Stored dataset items
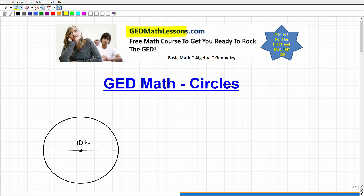Hello, this is John from GEDmathlessons.com. I'll tell you a little bit more about my free GED math online course at the end of this video, but this particular video is going to be all about circles. For the GED, you definitely need to have a pretty good working knowledge of circles. We'll cover a good amount in this video, then I'll leave you with some follow-on suggestions at the end.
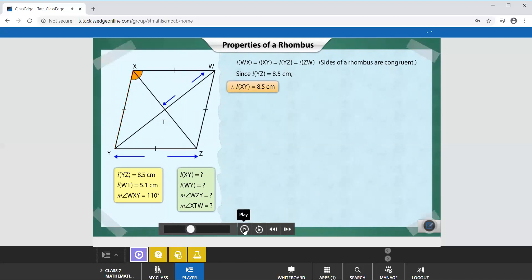In a rhombus, all the sides are congruent. So if you know one side, you automatically know all the other sides. If we know this property, we can easily get that answer.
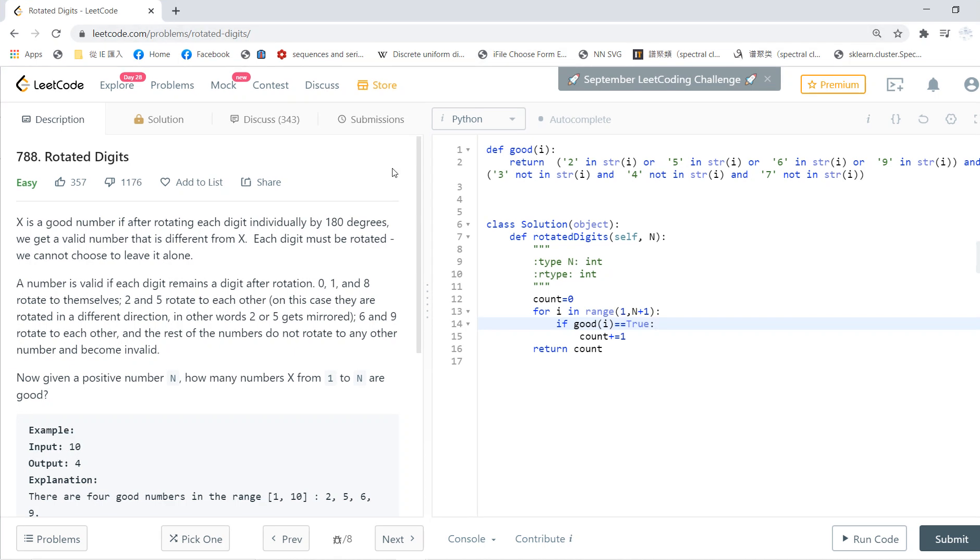The LeetCode solving section 788 called Rotated Digits. X is a good number if it rotates each digit individually by 180 degrees.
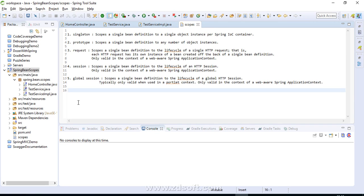Hey guys, welcome to Tech Learnings. Today we are going to learn about the scope of a bean in a Spring application. If you have worked with Spring projects, you must have heard the term 'bean scope'. We'll be focusing on this concept today, covering the theoretical part briefly and also doing a small practical demo so we can understand these scopes better.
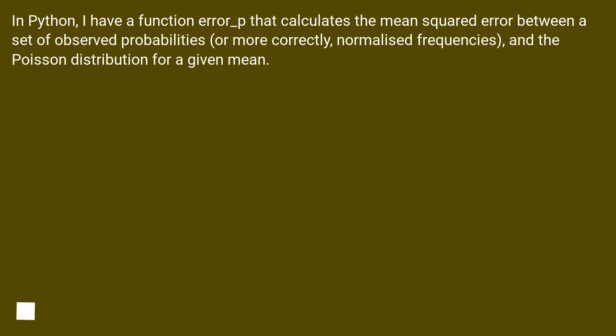In Python, I have a function error_p that calculates the mean squared error between a set of observed probabilities, or more correctly, normalized frequencies, and the Poisson distribution for a given mean.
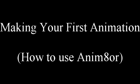Hello, I'm Mr. Jamie, and welcome to making your first animation. The software we will be using is called Animator, and you can get it for free at animator.com. Sorry Apple users, it only works on Windows.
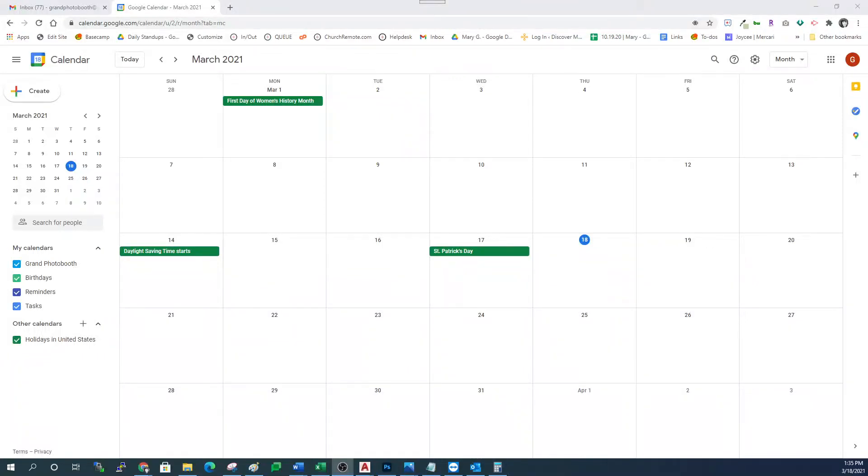Hi, I'm going to walk you through how to find your Google Calendar ID in this video. It takes just a minute.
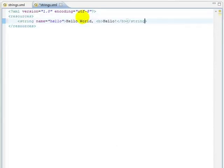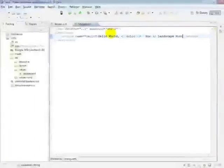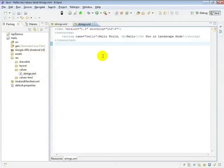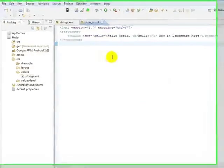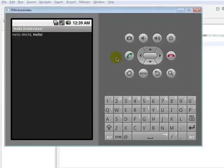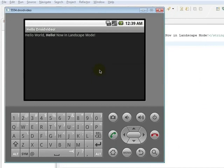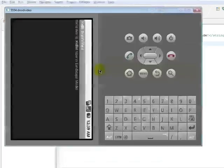Secondly, we'll take a look at our drawables. The icon that the ADT gave our application is pretty generic. Fortunately, I have an alternate icon available in my documents.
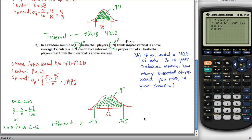That's the end of this tutorial on how to calculate confidence intervals with your calculator. I'm going to come back and make another video talking about how to figure out your sample size for a specified margin of error.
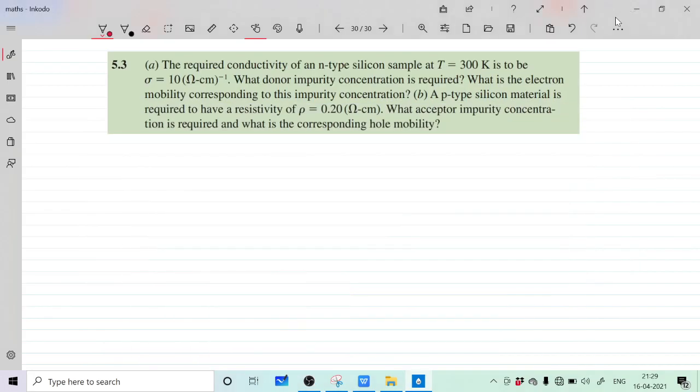Let us start question 5.3 from Donald Neamen's Semiconductor Physics. For an N-type silicon sample at T = 300K, the required conductivity is given — we need to find the donor impurity concentration and the electron mobility. For P-type silicon material, the resistivity is given and we need to find the acceptor impurity concentration and the hole mobility.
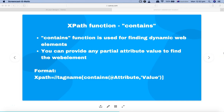Hello and welcome to the Selenium XPath tutorial. In this tutorial we are going to understand the XPath function 'contains'. In the previous tutorial we learned about the function 'starts-with'. Contains is similar in terms of finding dynamic web elements — if you have a web UI with elements whose attributes are dynamic, changing on every refresh of the page, contains helps locate them.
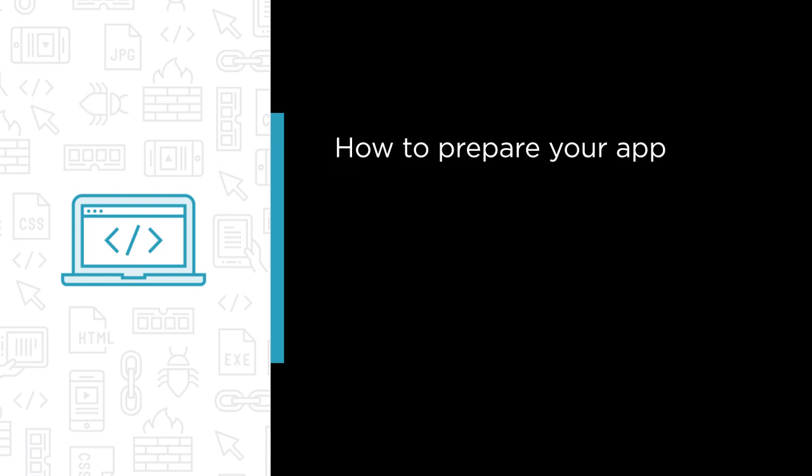First we'll learn how to prepare your app for the release process, so that it's stable and secure for its future users.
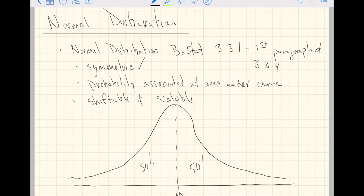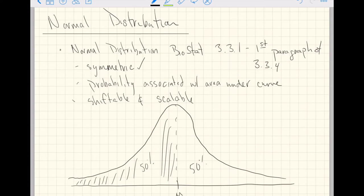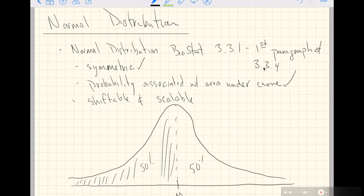Probability is associated with area under the curve. All of the area under the curve to the left of the mean is 50%. Another important point is that all of the area under the entire curve equals 1. This is similar to the Bernoulli distribution, where the probabilities 1 minus p and p add up to 1. In the same sense, the area under the normal distribution is equal to 1, so all area under the curve is associated with probabilities.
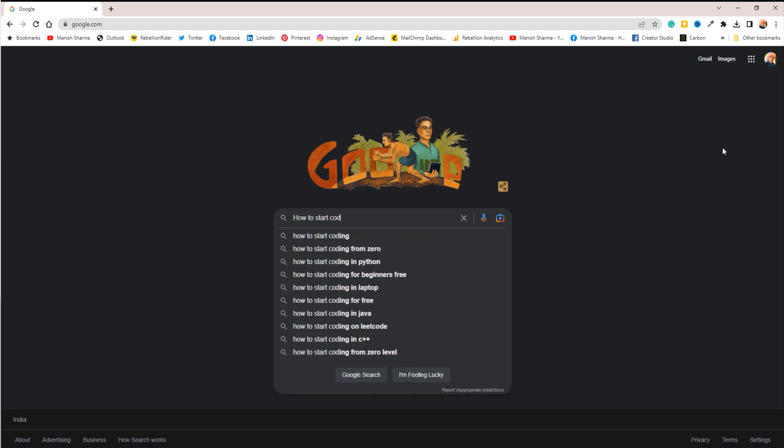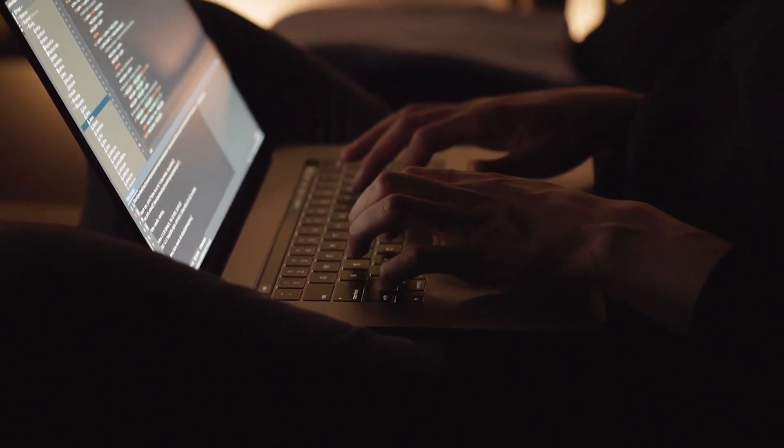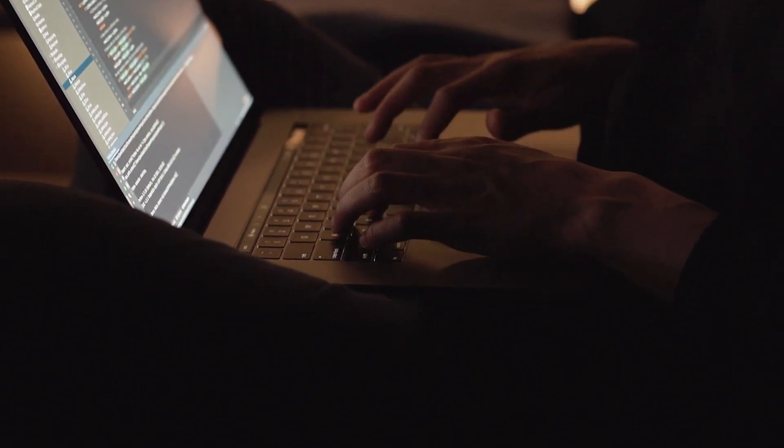How to start coding is the most confusing question that as a beginner we all have asked at least once. There is a huge difference between the time when I first learned coding and now. In terms of learning code, life is a lot easier these days. Coding is hard, but it is also an incredibly valuable skill to have in today's time. Let me tell you how I would learn to code if I had to start over.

### Exercise objective
Although pictures appear among the records above, none are to be output; print exactly the lines from the line containing "In Python, I" through the line containing "Hi, I'm going".

### Answer below
In Python, I have a function error_p that calculates the mean squared error between a set of observed probabilities, or more correctly, normalized frequencies, and the Poisson distribution for a given mean.
Hello, I'm Mr. Jamie, and welcome to making your first animation. The software we will be using is called Animator, and you can get it for free at animator.com. Sorry Apple users, it only works on Windows.
Hi, I'm going to walk you through how to find your Google Calendar ID in this video. It takes just a minute.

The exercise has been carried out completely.